■ AVAILABLE RECORDS:
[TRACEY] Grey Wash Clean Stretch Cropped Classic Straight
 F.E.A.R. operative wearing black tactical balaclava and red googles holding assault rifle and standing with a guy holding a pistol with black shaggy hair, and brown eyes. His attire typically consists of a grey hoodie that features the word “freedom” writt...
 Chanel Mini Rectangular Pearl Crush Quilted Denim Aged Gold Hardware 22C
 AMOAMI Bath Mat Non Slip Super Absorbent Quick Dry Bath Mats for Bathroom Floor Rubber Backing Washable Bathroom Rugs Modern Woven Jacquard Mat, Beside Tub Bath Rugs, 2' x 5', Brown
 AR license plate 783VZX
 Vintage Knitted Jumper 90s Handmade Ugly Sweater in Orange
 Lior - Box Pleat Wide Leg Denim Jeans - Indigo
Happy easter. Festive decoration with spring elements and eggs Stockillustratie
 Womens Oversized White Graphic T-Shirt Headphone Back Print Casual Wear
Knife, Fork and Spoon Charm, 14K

■ WORK TASK: Restate the data above word for word, please.

■ EXPECTED ANSWER:
[TRACEY] Grey Wash Clean Stretch Cropped Classic Straight
 F.E.A.R. operative wearing black tactical balaclava and red googles holding assault rifle and standing with a guy holding a pistol with black shaggy hair, and brown eyes. His attire typically consists of a grey hoodie that features the word “freedom” writt...
 Chanel Mini Rectangular Pearl Crush Quilted Denim Aged Gold Hardware 22C
 AMOAMI Bath Mat Non Slip Super Absorbent Quick Dry Bath Mats for Bathroom Floor Rubber Backing Washable Bathroom Rugs Modern Woven Jacquard Mat, Beside Tub Bath Rugs, 2' x 5', Brown
 AR license plate 783VZX
 Vintage Knitted Jumper 90s Handmade Ugly Sweater in Orange
 Lior - Box Pleat Wide Leg Denim Jeans - Indigo
Happy easter. Festive decoration with spring elements and eggs Stockillustratie
 Womens Oversized White Graphic T-Shirt Headphone Back Print Casual Wear
Knife, Fork and Spoon Charm, 14K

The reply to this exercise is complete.